Leaf of American lotus, Lotus nelumbo. Plant specimen, 1722-25. Oxford University Herbaria, Sher-1090-10. University of Oxford, Department of Plant Sciences.

Catesby made his three-year expedition to the British colony on behalf of a group of twelve scientists and collectors in London to observe and collect rarities “for the uses and purposes of the Royal Society.” When he arrived in South Carolina in May 1722, he was delighted to find that the country was “inferior to none in fertility” and “possessed not only with all the Animals and vegetables of Virginia but abounding with even a greater variety.”

During his stay in the colony Catesby travelled hundreds of miles by foot, canoe and on horseback, exploring the Tidewater and following the rivers up to their sources in the foothills of the Appalachian mountains. He collected several thousand plants, hundreds of animal specimens, a number of fossils and some ethnographic objects. He preserved the plant and animal specimens and sent them back in consignments for his sponsors’ collections, together with live trees and shrubs packed in barrels for their gardens.
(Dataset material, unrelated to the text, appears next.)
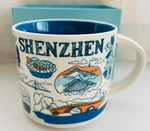 Shenzhen Starbucks Coffee Cup Mug 14OZ Been There Series Ceramic New In Box. Fixed Price $87.50.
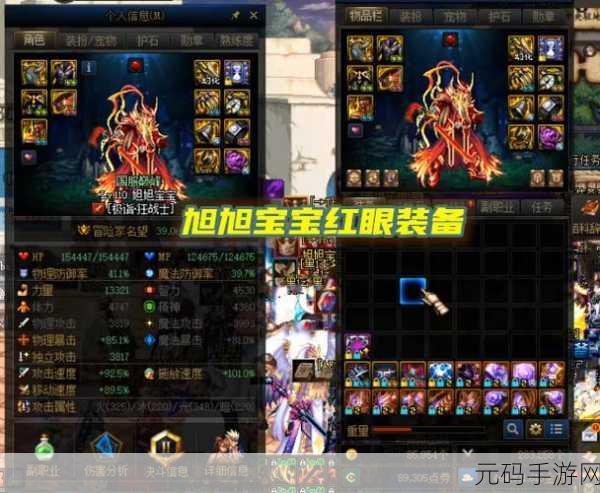 100 级红眼史诗套装大揭秘，谁是最强王者？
At the same time, he made watercolours, creating vivid images of many species which were previously unknown to European collectors. In a break with traditional modes of natural history illustration he showed many plants and animals in conjunction with one another: “where it could be admitted, I have adapted the Birds to those Plants on which they fed, or have any relation to.”

Mark Catesby, “The Bahama Finch” and “The Broad-leav’d Guaiacum”, 1722-25. Watercolour and bodycolour heightened with gum over pen and ink. Royal Collection Trust/© Her Majesty Queen Elizabeth II 2021 (RCIN 924856).
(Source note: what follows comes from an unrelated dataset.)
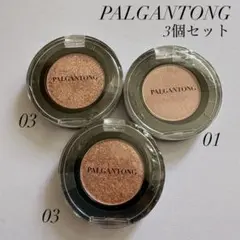 【新品未開封】PALGANTONG アイシャドウ S01 L03 3個セットのサムネイル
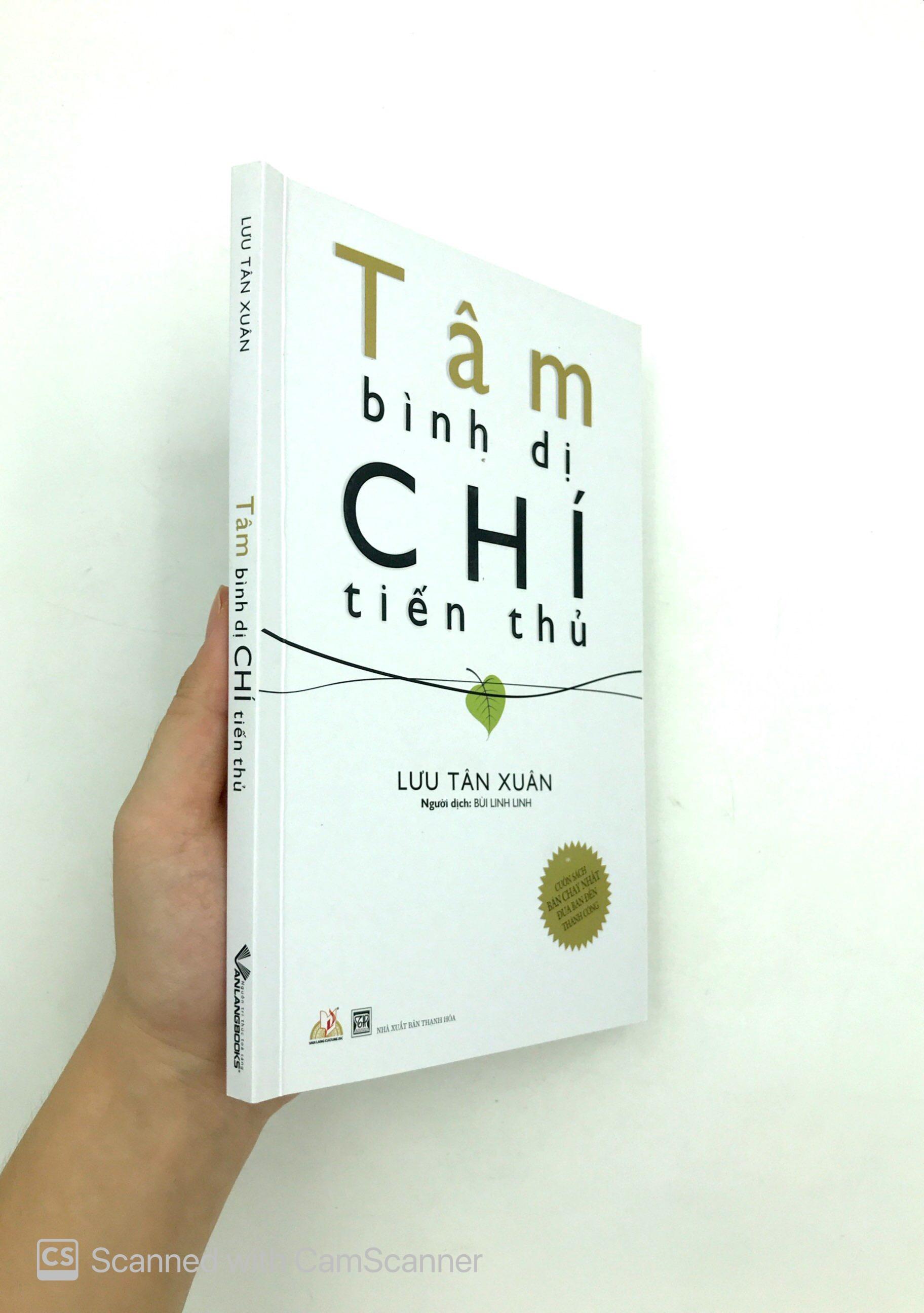 Tâm Bình Dị Chí Tiến Thủ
Aside from extreme weather, Catesby’s visit to South Carolina and the Caribbean was marked by other dramatic incidents. One of these was an encounter with a rattlesnake while he was staying with Colonel Joseph Blake at his Newington plantation on the upper Ashley River. Catesby recorded that “a Negro woman making my Bed a few minutes after I was out of it cryed out a Rattle Snake. We being drinking Tea in ye other room which was a ground flore, and being surprised with ye performance of the wenches bawling, went to see the cause, and found that … the wench had laid a Rattle Snake actually between the sheets in ye very place I lay, vigorus and full of ire biting at every thing that approach’t him. Probably It crept in for warmth in the night, but how long I had the company of [this] charming bedfellow I am not able to say.” The incident is notable not only because of the near escape but for being the only “voice” of an enslaved African Catesby recorded either in his book or his letters to his sponsors.
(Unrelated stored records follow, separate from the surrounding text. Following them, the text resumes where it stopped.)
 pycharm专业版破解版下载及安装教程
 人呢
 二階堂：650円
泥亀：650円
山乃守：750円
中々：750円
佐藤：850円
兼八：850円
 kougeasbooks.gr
Mark Catesby, “The Rattle Snake”. Watercolor and bodycolor over pen and brush and ink, 1726-37. Royal Collection Trust/© Her Majesty Queen Elizabeth II 2021 (RCIN 925987).

Blake was one of a number of plantation owners who hosted Catesby during his collecting expeditions in South Carolina’s Low Country. The cultivation of rice and other cash crops on plantations depended throughout on the labour and service of enslaved peoples, both African and Native American. Charleston was one of the largest ports in the world for enslaved Africans in this period, with large numbers of captives being traded to South Carolina from Senegambia, present-day Ghana and other coastal regions of west Africa. Ships arrived packed with between 200 and 600 men, women and children after a journey of up to three months which proved fatal to many because of overcrowding and conditions on board.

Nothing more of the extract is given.